Task directions: When you reach the line containing "Villa à Bella" in the entries below, start writing out each line exactly, and stop after the line containing "图片[2]-✨ Roti: A".

____

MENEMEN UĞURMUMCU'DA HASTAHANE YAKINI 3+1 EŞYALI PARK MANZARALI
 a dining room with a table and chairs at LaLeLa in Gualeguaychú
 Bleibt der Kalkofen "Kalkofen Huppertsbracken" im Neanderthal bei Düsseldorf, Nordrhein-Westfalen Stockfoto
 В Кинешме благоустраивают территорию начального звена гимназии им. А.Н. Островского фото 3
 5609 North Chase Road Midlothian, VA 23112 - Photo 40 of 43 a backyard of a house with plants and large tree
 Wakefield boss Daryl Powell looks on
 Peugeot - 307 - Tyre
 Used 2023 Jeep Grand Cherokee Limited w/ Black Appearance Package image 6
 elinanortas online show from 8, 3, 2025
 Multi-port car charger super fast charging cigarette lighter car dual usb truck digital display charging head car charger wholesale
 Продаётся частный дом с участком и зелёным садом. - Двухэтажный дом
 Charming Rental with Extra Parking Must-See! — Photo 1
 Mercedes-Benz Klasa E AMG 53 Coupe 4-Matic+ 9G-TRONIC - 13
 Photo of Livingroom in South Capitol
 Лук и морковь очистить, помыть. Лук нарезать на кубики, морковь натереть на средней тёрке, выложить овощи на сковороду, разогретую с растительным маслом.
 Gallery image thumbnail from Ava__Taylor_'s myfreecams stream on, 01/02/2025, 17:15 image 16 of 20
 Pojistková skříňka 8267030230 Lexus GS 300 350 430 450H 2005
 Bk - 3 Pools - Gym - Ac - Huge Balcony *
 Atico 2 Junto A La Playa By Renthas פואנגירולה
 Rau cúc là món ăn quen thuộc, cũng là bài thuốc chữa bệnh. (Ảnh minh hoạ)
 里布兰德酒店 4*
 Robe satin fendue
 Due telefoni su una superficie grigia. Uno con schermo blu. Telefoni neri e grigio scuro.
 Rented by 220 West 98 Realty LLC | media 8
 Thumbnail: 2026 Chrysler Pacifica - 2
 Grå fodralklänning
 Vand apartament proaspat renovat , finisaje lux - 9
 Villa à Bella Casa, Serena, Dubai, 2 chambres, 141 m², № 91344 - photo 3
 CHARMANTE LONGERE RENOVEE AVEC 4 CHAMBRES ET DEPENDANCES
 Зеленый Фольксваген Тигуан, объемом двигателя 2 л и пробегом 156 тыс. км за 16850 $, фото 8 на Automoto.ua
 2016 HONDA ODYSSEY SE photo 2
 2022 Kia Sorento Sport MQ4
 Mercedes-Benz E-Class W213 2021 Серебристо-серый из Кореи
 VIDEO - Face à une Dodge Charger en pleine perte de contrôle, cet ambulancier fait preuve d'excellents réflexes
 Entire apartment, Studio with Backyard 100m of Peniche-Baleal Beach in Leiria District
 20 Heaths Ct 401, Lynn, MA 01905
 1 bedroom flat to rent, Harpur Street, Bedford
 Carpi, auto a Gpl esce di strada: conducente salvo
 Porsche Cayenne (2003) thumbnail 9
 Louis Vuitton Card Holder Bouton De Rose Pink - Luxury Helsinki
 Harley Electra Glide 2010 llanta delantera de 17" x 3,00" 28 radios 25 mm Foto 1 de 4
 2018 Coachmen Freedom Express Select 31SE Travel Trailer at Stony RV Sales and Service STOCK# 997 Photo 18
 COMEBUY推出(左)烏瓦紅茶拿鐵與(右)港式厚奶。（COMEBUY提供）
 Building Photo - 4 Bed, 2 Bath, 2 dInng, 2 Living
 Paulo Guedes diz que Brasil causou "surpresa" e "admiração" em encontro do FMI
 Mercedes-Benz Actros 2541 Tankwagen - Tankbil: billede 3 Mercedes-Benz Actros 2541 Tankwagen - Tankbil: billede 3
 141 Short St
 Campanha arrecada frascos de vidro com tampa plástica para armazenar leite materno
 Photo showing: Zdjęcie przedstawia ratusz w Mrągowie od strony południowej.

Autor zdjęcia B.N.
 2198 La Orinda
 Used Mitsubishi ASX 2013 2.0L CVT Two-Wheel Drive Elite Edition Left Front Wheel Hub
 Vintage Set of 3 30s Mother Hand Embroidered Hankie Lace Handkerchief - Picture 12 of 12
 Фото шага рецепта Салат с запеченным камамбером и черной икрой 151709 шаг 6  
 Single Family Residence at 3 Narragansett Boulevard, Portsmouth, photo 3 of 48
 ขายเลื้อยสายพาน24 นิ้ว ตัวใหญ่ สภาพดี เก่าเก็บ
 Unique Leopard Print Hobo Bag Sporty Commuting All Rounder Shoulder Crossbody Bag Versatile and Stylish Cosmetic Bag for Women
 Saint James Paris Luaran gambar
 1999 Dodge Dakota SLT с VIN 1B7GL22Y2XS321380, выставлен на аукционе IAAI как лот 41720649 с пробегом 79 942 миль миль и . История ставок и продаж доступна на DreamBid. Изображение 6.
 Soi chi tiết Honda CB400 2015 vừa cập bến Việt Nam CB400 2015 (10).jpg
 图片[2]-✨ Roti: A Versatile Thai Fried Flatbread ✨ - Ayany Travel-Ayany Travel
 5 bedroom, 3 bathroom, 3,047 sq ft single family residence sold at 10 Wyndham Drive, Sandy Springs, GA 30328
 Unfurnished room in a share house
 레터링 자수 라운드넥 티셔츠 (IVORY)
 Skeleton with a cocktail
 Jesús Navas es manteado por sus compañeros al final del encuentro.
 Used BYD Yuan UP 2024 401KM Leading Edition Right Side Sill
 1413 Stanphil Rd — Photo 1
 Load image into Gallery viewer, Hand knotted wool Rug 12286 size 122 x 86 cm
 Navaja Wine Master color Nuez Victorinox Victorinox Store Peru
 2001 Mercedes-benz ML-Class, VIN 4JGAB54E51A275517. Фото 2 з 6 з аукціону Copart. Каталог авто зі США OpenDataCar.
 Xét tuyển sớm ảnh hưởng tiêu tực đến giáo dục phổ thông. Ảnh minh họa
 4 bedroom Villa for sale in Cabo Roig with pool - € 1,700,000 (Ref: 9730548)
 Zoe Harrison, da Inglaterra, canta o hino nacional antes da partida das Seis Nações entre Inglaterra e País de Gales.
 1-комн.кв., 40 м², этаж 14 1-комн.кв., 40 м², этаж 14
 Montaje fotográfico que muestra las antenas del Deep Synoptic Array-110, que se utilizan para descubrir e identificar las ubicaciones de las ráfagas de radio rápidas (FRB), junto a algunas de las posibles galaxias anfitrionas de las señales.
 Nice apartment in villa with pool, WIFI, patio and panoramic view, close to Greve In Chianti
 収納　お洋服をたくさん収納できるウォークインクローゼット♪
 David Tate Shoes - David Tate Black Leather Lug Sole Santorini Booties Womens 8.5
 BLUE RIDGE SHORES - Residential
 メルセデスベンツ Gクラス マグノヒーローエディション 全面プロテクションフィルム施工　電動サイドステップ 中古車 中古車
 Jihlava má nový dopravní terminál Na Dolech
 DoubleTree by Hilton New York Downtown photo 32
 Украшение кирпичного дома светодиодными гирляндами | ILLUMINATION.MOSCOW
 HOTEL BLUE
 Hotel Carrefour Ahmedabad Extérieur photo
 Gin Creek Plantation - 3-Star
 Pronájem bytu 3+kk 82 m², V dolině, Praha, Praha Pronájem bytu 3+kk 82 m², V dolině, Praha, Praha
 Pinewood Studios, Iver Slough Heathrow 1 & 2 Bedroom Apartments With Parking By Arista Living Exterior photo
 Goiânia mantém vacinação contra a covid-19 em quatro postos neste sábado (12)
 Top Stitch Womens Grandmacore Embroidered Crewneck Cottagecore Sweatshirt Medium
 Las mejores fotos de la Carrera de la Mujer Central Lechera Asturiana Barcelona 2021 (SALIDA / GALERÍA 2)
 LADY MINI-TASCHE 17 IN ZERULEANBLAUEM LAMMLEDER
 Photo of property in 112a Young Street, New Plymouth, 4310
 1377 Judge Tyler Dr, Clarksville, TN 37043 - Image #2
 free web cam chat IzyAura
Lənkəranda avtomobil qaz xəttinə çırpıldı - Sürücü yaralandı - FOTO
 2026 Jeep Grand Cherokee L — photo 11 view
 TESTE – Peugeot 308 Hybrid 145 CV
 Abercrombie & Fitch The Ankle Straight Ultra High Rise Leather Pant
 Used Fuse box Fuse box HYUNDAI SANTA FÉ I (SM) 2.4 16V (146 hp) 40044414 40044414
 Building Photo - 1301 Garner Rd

____

Response to the exercise:
 Villa à Bella Casa, Serena, Dubai, 2 chambres, 141 m², № 91344 - photo 3
 CHARMANTE LONGERE RENOVEE AVEC 4 CHAMBRES ET DEPENDANCES
 Зеленый Фольксваген Тигуан, объемом двигателя 2 л и пробегом 156 тыс. км за 16850 $, фото 8 на Automoto.ua
 2016 HONDA ODYSSEY SE photo 2
 2022 Kia Sorento Sport MQ4
 Mercedes-Benz E-Class W213 2021 Серебристо-серый из Кореи
 VIDEO - Face à une Dodge Charger en pleine perte de contrôle, cet ambulancier fait preuve d'excellents réflexes
 Entire apartment, Studio with Backyard 100m of Peniche-Baleal Beach in Leiria District
 20 Heaths Ct 401, Lynn, MA 01905
 1 bedroom flat to rent, Harpur Street, Bedford
 Carpi, auto a Gpl esce di strada: conducente salvo
 Porsche Cayenne (2003) thumbnail 9
 Louis Vuitton Card Holder Bouton De Rose Pink - Luxury Helsinki
 Harley Electra Glide 2010 llanta delantera de 17" x 3,00" 28 radios 25 mm Foto 1 de 4
 2018 Coachmen Freedom Express Select 31SE Travel Trailer at Stony RV Sales and Service STOCK# 997 Photo 18
 COMEBUY推出(左)烏瓦紅茶拿鐵與(右)港式厚奶。（COMEBUY提供）
 Building Photo - 4 Bed, 2 Bath, 2 dInng, 2 Living
 Paulo Guedes diz que Brasil causou "surpresa" e "admiração" em encontro do FMI
 Mercedes-Benz Actros 2541 Tankwagen - Tankbil: billede 3 Mercedes-Benz Actros 2541 Tankwagen - Tankbil: billede 3
 141 Short St
 Campanha arrecada frascos de vidro com tampa plástica para armazenar leite materno
 Photo showing: Zdjęcie przedstawia ratusz w Mrągowie od strony południowej.

Autor zdjęcia B.N.
 2198 La Orinda
 Used Mitsubishi ASX 2013 2.0L CVT Two-Wheel Drive Elite Edition Left Front Wheel Hub
 Vintage Set of 3 30s Mother Hand Embroidered Hankie Lace Handkerchief - Picture 12 of 12
 Фото шага рецепта Салат с запеченным камамбером и черной икрой 151709 шаг 6  
 Single Family Residence at 3 Narragansett Boulevard, Portsmouth, photo 3 of 48
 ขายเลื้อยสายพาน24 นิ้ว ตัวใหญ่ สภาพดี เก่าเก็บ
 Unique Leopard Print Hobo Bag Sporty Commuting All Rounder Shoulder Crossbody Bag Versatile and Stylish Cosmetic Bag for Women
 Saint James Paris Luaran gambar
 1999 Dodge Dakota SLT с VIN 1B7GL22Y2XS321380, выставлен на аукционе IAAI как лот 41720649 с пробегом 79 942 миль миль и . История ставок и продаж доступна на DreamBid. Изображение 6.
 Soi chi tiết Honda CB400 2015 vừa cập bến Việt Nam CB400 2015 (10).jpg
 图片[2]-✨ Roti: A Versatile Thai Fried Flatbread ✨ - Ayany Travel-Ayany Travel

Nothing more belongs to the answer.